Student Feedback at UAL
University of the Arts London is committed to working in partnership with students to improve the quality of our courses to ensure that you have the best possible experience.
Your feedback is crucial in helping us to improve your course, both while you are studying with us and for future students. There are a number of ways in which you can give us your feedback.
Give feedback on your course units via a short online survey, helping us to make positive changes while you are studying with us.
Give us your feedback through your student representatives, surveys or attending committees.
Student Reps attend college and university committees, where they can make sure your ideas and feedback reach the people who can bring about change.

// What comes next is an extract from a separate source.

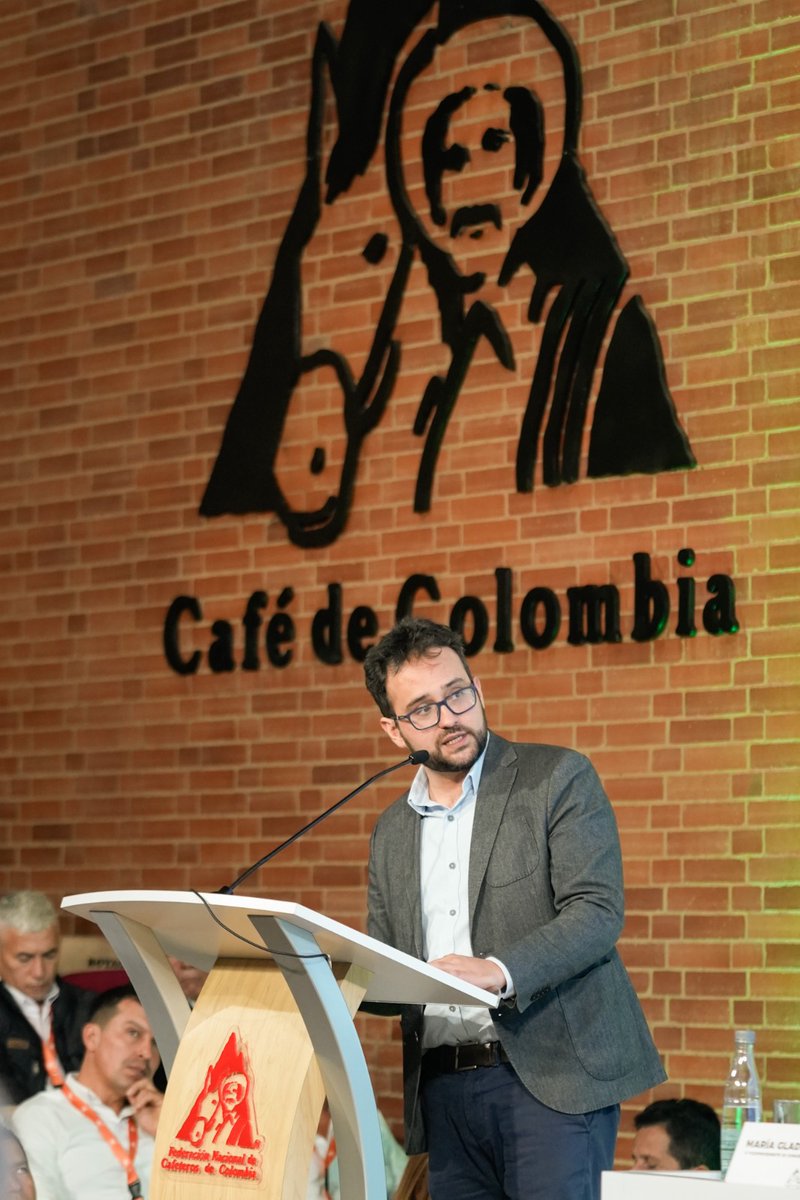 FedeCafeteros's tweet photo. El Subdirector General de Inversiones, Seguimiento y Evaluación del @DNP_Colombia, Alan Guillermo Asprilla Reyes, destacó en el #93CongresoCafetero cómo el café transformó la economía colombiana desde el siglo XIX, impulsando infraestructuras como ferrocarriles y bancos, y estableciendo el primer fondo de fomento agrícola. Resaltó que el Fondo Nacional del Café ha sido un modelo para el agro, financiando bienes públicos y estabilizando precios, convirtiéndose en pilar del desarrollo rural y la principal ventana de Colombia al mundo. 

“Es por esto que la economía cafetera se ha convertido en un referente para el Desarrollo Rural y ha sido la ventana de inserción del país en el ámbito internacional, siendo una de las principales fuentes para atraer divisas”, afirmó.

#MásFederación #LaFuerzaDeTodos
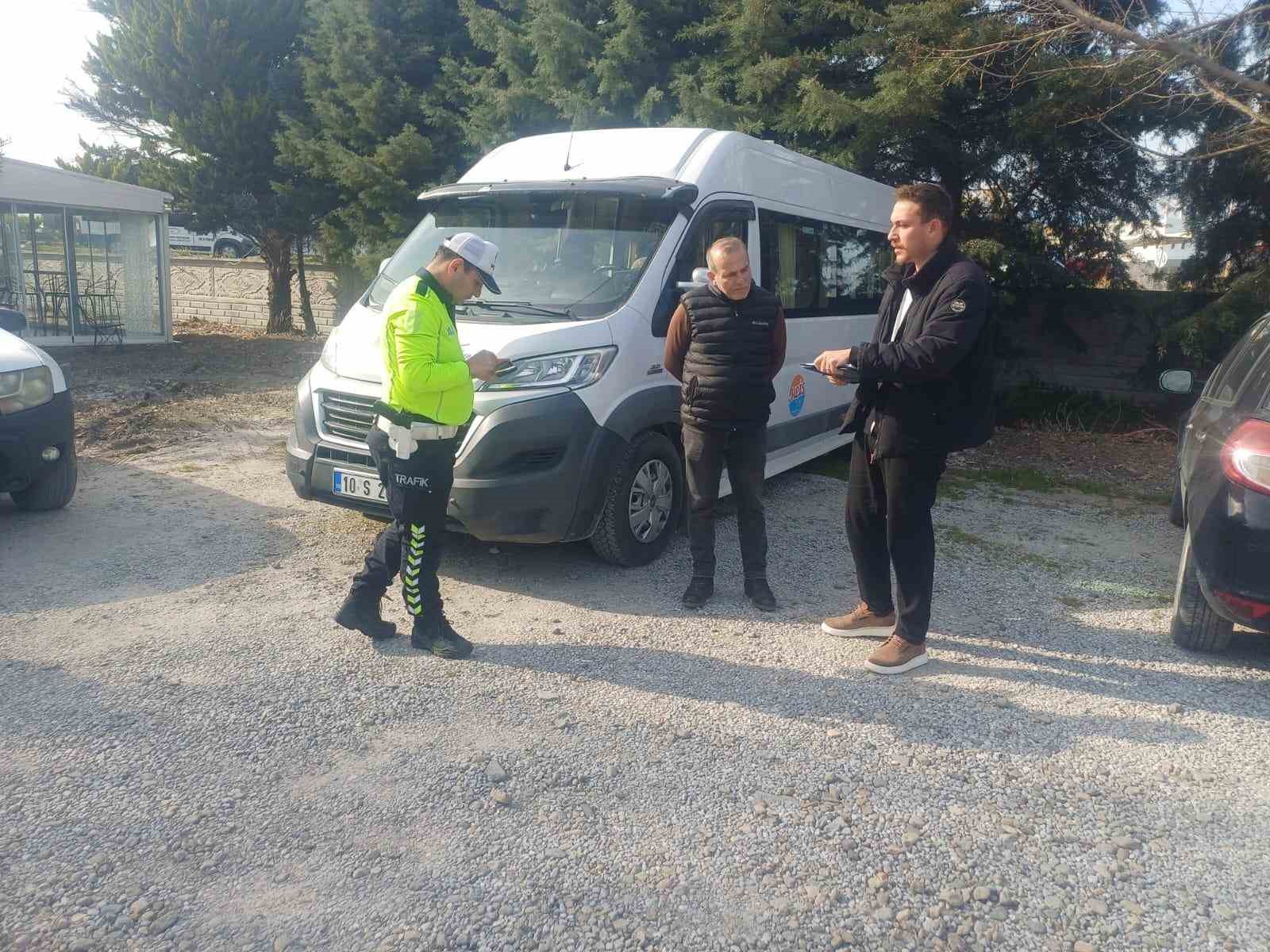 Burhaniye&rsquo;de okul servisleri denetlendi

Find out how students can be involved in improving the quality of the University's courses.
The National Student Survey gives final year undergraduates the chance to tell us about their experiences of studying at UAL.
The PTES gives taught postgraduate students the chance to tell us about their experiences of studying at UAL.
Tips for giving useful feedback
The more constructive and useful your feedback is, the easier it is for the University to make improvements to your experience. How can you make sure that your feedback is as constructive and useful as possible?
Avoid making vague comments like ‘the unit was good’, or ‘the seminar was rubbish’. This doesn’t tell the person reading your comments what makes you think this. Instead, explain what you felt was positive or negative. For example you might say:
‘I found the workshops really interesting, but the set reading was very challenging and it would have been good to discuss it more in class.’
Try to avoid comments that are unrealistic, like ‘the assessment should be scrapped’. Assessments are an essential way of measuring what you have learned, and helping you to improve your work in the future.
Instead, explain why you think there were problems with the assessment. For example you might say:
‘The brief wasn’t very clear so I wasted time at the beginning trying to work out what I needed to do.’
Focus on the issue, not the person
Avoid writing anything offensive or personal – your course leader will personally read the comments that you leave so think about how you would feel if you received negative feedback. Please be as respectful and as constructive as you can.
Instead, give details about any problems in order to help your course team understand. For example, you might say:
‘The photography session was difficult to follow as there were so many different techniques to grasp in such a short time.’
If you think something didn’t work, don’t just criticise, explain how you think it could be avoided or improved. This will help your course team to put your suggestions into practice. For example, you might say:
‘It would be helpful to have the hand-outs for the lectures in advance so that we could get an idea of the topic before the session.’